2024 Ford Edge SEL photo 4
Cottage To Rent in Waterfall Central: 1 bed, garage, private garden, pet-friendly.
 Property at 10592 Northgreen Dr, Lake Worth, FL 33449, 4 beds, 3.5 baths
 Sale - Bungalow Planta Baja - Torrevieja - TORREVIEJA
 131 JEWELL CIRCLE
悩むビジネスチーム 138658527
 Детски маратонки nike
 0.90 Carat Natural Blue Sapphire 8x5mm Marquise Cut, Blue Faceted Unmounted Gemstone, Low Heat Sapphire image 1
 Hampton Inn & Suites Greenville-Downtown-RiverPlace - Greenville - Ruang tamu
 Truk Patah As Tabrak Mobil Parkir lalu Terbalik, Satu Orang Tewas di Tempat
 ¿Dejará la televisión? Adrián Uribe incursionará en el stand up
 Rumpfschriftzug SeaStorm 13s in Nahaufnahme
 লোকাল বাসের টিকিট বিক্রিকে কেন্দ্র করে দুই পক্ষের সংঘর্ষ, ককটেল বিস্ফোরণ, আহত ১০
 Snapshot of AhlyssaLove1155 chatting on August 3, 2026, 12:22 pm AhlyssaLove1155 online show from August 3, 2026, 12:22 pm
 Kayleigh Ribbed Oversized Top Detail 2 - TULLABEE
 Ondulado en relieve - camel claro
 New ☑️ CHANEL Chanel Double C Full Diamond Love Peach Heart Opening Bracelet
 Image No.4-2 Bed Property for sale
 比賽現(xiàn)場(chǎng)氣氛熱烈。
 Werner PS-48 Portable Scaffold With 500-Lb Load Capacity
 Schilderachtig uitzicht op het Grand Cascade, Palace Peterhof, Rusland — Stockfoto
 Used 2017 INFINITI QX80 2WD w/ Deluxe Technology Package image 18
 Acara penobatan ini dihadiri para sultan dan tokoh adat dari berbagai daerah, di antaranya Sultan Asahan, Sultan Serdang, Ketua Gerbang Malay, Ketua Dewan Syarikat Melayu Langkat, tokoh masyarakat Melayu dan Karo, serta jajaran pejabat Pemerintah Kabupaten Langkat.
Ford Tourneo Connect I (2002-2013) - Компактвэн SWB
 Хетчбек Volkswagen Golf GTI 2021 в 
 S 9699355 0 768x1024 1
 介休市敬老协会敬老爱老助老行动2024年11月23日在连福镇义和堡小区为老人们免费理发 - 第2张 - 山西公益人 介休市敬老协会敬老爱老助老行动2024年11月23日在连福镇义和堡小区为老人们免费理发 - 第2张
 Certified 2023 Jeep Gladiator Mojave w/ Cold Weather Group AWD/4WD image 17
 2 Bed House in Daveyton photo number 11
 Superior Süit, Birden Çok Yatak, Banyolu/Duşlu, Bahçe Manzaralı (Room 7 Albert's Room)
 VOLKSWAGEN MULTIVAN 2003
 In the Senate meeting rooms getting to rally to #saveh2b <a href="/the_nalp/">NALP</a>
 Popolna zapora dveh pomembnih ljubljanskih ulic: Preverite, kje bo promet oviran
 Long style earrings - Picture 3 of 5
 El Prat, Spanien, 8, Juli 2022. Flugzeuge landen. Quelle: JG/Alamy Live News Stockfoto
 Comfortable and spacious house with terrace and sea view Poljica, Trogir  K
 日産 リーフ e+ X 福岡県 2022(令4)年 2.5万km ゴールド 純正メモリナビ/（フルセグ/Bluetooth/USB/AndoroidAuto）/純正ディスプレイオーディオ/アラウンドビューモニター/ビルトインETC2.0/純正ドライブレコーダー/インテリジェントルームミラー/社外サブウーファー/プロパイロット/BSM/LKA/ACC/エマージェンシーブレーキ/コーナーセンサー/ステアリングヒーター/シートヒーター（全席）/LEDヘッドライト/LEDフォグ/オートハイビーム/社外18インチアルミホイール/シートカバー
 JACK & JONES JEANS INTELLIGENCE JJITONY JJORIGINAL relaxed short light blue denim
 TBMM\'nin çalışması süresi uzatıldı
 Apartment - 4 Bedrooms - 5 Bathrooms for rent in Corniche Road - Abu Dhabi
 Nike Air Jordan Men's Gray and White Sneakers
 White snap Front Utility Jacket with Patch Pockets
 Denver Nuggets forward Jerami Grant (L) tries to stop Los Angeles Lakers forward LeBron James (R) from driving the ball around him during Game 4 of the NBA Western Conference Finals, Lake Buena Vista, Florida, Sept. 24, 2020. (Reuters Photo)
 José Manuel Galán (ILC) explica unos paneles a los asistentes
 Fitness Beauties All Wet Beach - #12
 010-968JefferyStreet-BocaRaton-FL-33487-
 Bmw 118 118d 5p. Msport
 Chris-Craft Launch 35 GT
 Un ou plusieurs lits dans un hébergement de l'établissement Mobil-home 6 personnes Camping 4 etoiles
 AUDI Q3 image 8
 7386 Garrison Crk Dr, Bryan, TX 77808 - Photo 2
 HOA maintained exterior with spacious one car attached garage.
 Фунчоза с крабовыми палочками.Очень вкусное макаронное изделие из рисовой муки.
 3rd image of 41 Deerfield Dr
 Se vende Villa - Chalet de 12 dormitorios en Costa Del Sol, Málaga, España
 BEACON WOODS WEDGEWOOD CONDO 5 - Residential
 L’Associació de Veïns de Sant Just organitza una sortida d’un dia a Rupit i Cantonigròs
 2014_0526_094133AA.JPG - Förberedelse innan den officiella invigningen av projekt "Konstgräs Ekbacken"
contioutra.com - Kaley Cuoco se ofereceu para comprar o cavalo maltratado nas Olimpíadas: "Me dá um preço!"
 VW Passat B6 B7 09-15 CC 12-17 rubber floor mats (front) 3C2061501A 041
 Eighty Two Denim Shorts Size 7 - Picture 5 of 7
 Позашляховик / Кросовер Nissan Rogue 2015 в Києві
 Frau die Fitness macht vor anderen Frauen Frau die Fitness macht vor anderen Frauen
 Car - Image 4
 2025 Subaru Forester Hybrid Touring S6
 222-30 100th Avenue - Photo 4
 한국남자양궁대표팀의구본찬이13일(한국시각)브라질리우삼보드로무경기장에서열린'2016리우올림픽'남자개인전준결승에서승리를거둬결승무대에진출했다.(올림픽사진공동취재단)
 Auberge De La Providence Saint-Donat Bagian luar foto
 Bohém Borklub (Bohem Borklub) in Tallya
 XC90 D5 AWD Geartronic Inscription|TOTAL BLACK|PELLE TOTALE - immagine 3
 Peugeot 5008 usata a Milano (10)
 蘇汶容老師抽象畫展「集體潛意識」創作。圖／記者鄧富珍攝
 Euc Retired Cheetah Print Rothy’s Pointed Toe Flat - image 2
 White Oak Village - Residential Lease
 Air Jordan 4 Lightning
━━━━
THE TASK ▸
Count the lines in the material containing the string "Fitness", and state the number with nothing added.

ANSWER BELOW ▸
2